The recent development of optogenetic tools provides a novel method for isolating the action of specific afferent projections to neurons in a region with heterogeneous anatomical connectivity. In this study, we used a viral vector to express channel rhodopsin-2 (ChR2) in neurons of the NAc of rats and optically stimulated their axon terminals during ex vivo whole-cell recordings from VTA neurons in a midbrain slice. We found that NAc MSNs target non-dopaminergic VTA neurons, including non-dopaminergic neurons that project back to the NAc. Moreover, this connection is mediated by GABAA receptors and is inhibited by μ-opioids, providing a potential mechanism for opioid reward.

Materials and Methods

Animals.

Surgeries were performed on 27- to 29-d-old (70–80 g) male Sprague Dawley rats. Animals were anesthetized with isoflurane. Adeno-associated virus containing ChR2–tdtomato (AAV2/1 CAG::ChR2.tdtomato, a kind gift from Karel Svoboda) was bilaterally injected (1 μl in each side) using a Hamilton syringe stereotaxically placed into the NAc shell (anteroposterior, +1.5 mm from bregma; mediolateral, ±0.8 mm from bregma; ventral, −6.7 mm from skull surface). The injector was left in place for 5 min, raised 1 mm, and left for an additional 5 min before being completely removed. Animals were then returned to their home cages for 14–17 d before electrophysiological experiments were performed. For retrograde tracer experiments, neuro-DiI (0.3 μl, 7% in ethanol; Biotium) was slowly injected (over 5 min) into the NAc 2–3 h after the injection of the virus. Only data from rats in which the infection was confirmed were accepted.

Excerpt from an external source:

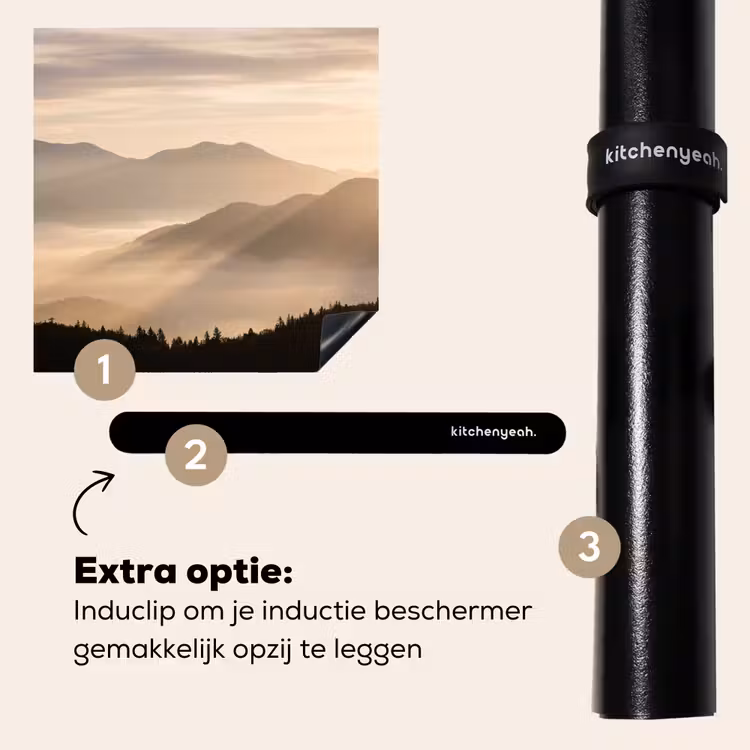 Inductie beschermer - Bergen - Mist - Zonnestralen — 8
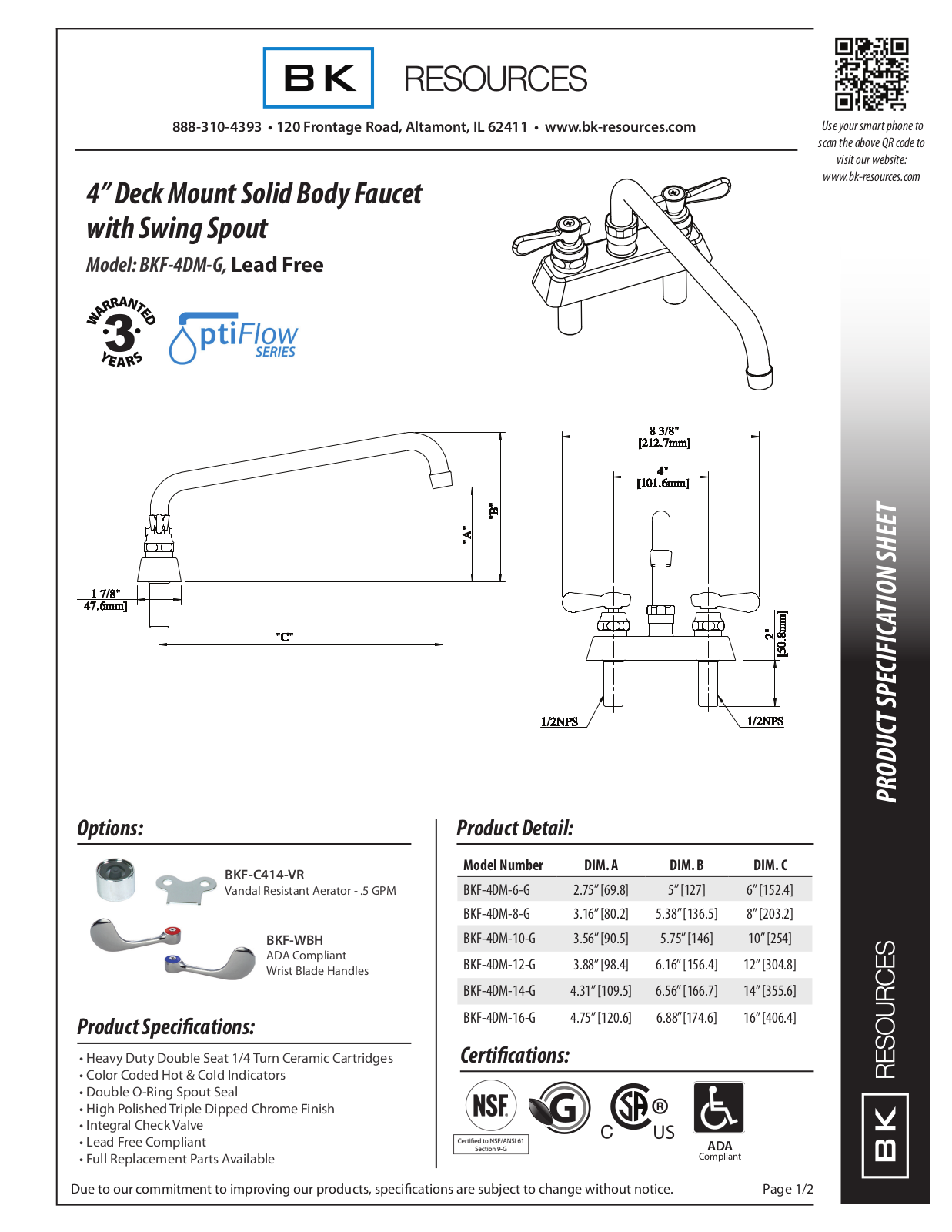 BK Resources BKRE1000 Specifications - ManualMachine.com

Slice preparation and electrophysiology.

Coronal NAc slices (350 μm thick) or horizontal midbrain slices (150–200 μm thick) including the VTA were prepared using a vibratome (Leica Instruments) in artificial CSF (ACSF) containing the following (in mm): 119 NaCl, 2.5 KCl, 1.3 MgSO4, 1.0 NaH2PO4, 2.5 CaCl2, 26.2 NaHCO3, and 11 glucose (saturated with 95% O2/5% CO2). Slices were submerged in ACSF and allowed to recover for >1 h at room temperature.

Individual slices were visualized under an upright microscope with differential interference contrast optics and infrared and epifluorescent illumination. Whole-cell recordings were made with 2.5–4 MΩ pipettes containing the following (in mm): 123 K-gluconate, 10 HEPES, 0.2 EGTA, 8 NaCl, 2 MgATP, and 0.3 Na3GTP, pH 7.2 (osmolarity adjusted to 275 mOsm). In some experiments, 0.1% biocytin was included in the recording solution. Recordings were made using a Multiclamp 700A or Axopatch 1-D amplifier (Molecular Devices), filtered at 2 kHz, and collected at 5 kHz using procedures written for Igor Pro (Wavemetrics).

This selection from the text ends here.